On March 29, 2019, his wife Vicky passed away. They married just after they graduated from college and just before he had his first match. Their marriage had only outlasted his wrestling career.

Then in June 2021, Don Muraco confirmed Funk was in an assisted living facility. He was battling dementia. Several of his former rivals and proteges would keep giving fans updates on his well-being over social media.

In July 2022, a comic book that he had been working on based on his life was finally published. Then, on August 23, 2023, he passed away in hospital. He was 79. He is survived by two daughters that he tried to keep out of the public eye.

Terry Funk cause of death: legendary WWE star gone at 79 | Marca
[Photo: Marca]
Hundreds of wrestlers have paid tribute to him since. Multiple promotions have held tribute shows to Funk, often headlined by friends or students of the Funking Conservatory.

The WWE was the first, dedicating the next episode of SmackDown to Funk and Windham “Bray Wyatt” Rotunda. Rotunda, Abe Jacobs, Billy White Wolf, announcer Richard Landrum, and TV host Bob Barker all passed away around the same time.

It is a little comforting that all of them died of natural causes after living full lives, apart from Rotunda, who was 36.

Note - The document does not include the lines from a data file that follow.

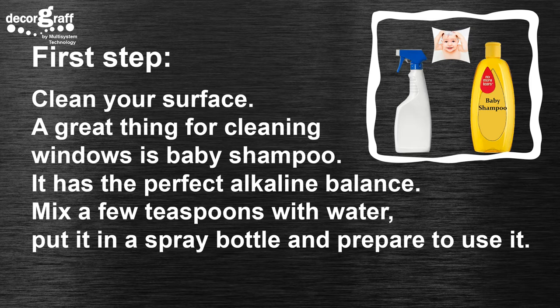Clean your surface. A great thing for cleaning windows is baby shampoo — it has the perfect alkaline balance. Mix a few teaspoons with water, put it in a spray bottle, and prepare to use it.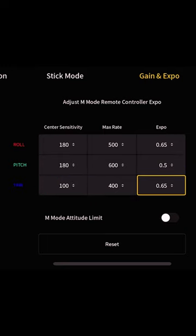On the expo, I generally bumped them up to 0.65 to just make everything a lot slower and smoother. On the pitch, I left it at 0.5, which makes it a little more aggressive than the other axes because I wanted that extra push if I needed it.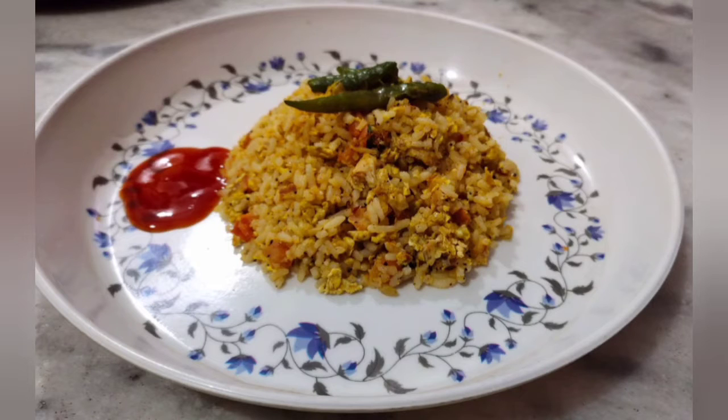Hi, Hello, Namaste, I am Mishwati. Welcome back to my channel. This recipe is an evening snack.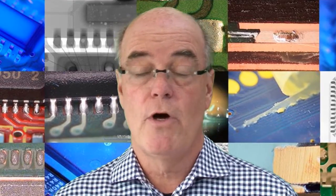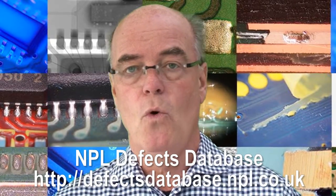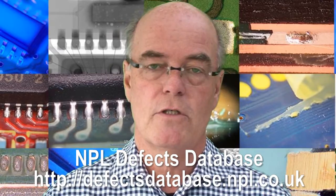With no-clean fluxes, what we're trying to do is put the minimum amount of flux on the printed circuit board as possible to get good soldering, but also to make sure we get good solder penetration.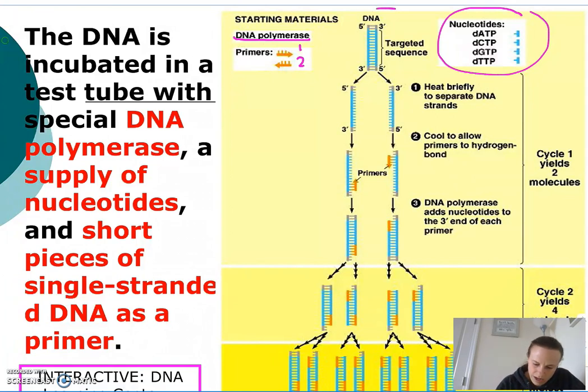Here I've got my targeted sequence of DNA. PCR basically involves three steps: heating, cooling, and then replicating.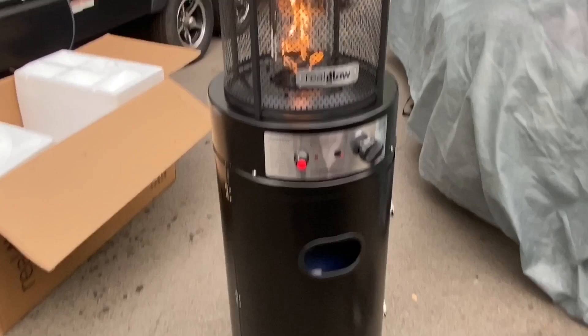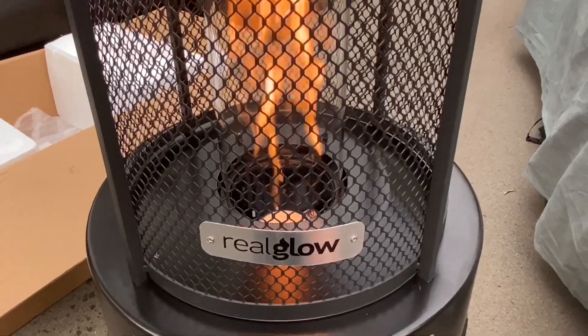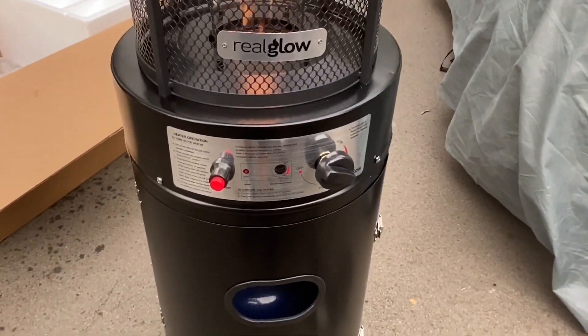So here we are, all finished. This is the glow. Let's turn him up. Look at that. Fantastic. Real glow.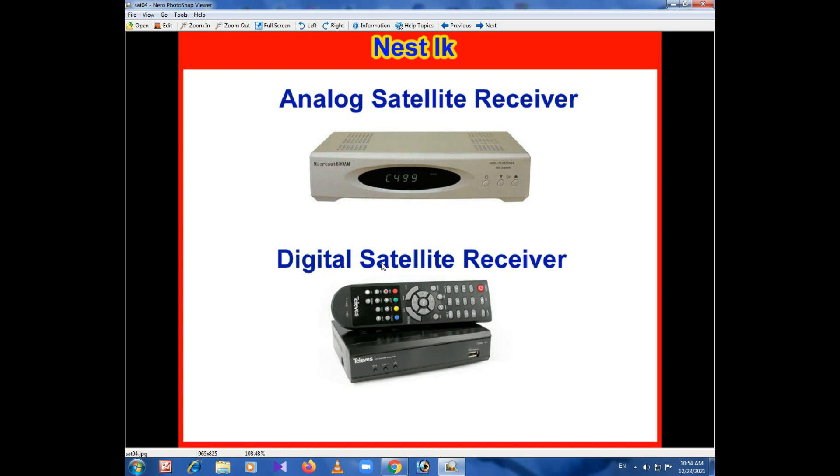Now, this is a digital satellite receiver. This is the satellite broadcasting system. This is a digital broadcasting system and a digitization system. You can see that in the interface it will need a digital satellite receiver.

Funk was known as one of the toughest brawlers in wrestling and one of the fathers of the hardcore style. This plays down his role as one of the most well-rounded entertainers to grace the sport.

There is not a style of wrestling or performing that Funk did not try and proved his worth in. Funk belonged in ranches and backwoods mudshows, and at WrestleMania or the red carpet. The only thing Funk could not do was be told he could not do something.